[What you have to do] The listing below should be reproduced precisely, except for its images.

** Opening Information provided block **

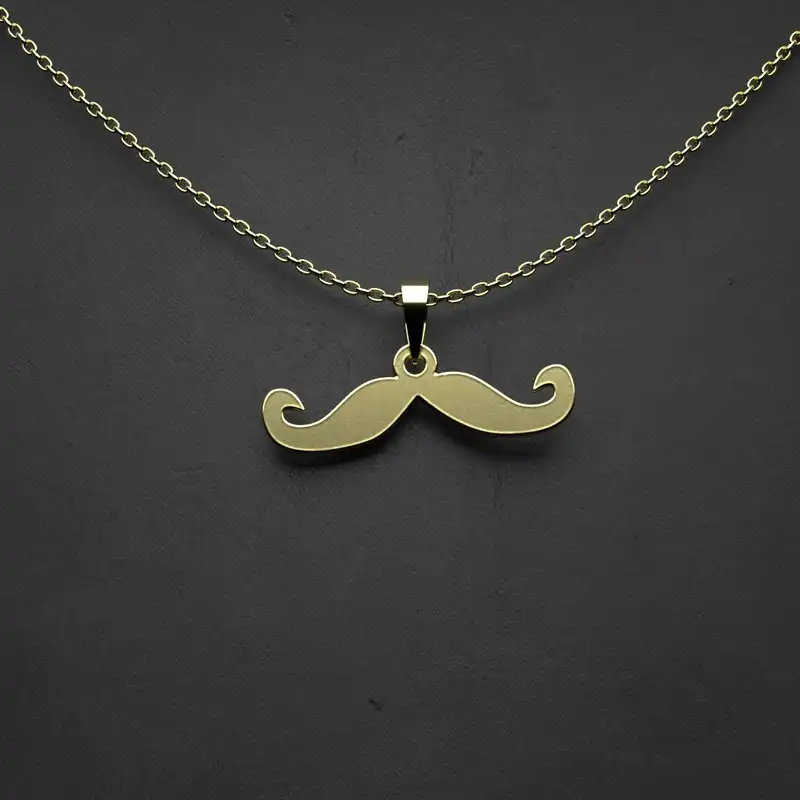 گردنبند طلا 18 عیار زنانه مدوپد مدل سبیل کد Q2-1-1032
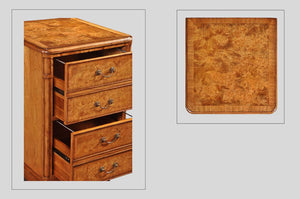 Hampton 2 Drawer Walnut Filing Cabinet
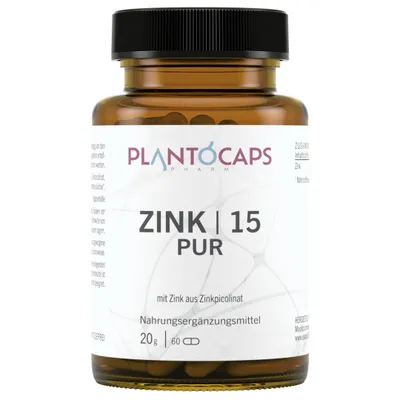 Produktbild von plantoCAPS® ZINK | 15 PUR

** Closing Information provided block **

[Response to this task]
 گردنبند طلا 18 عیار زنانه مدوپد مدل سبیل کد Q2-1-1032
 Hampton 2 Drawer Walnut Filing Cabinet
 Produktbild von plantoCAPS® ZINK | 15 PUR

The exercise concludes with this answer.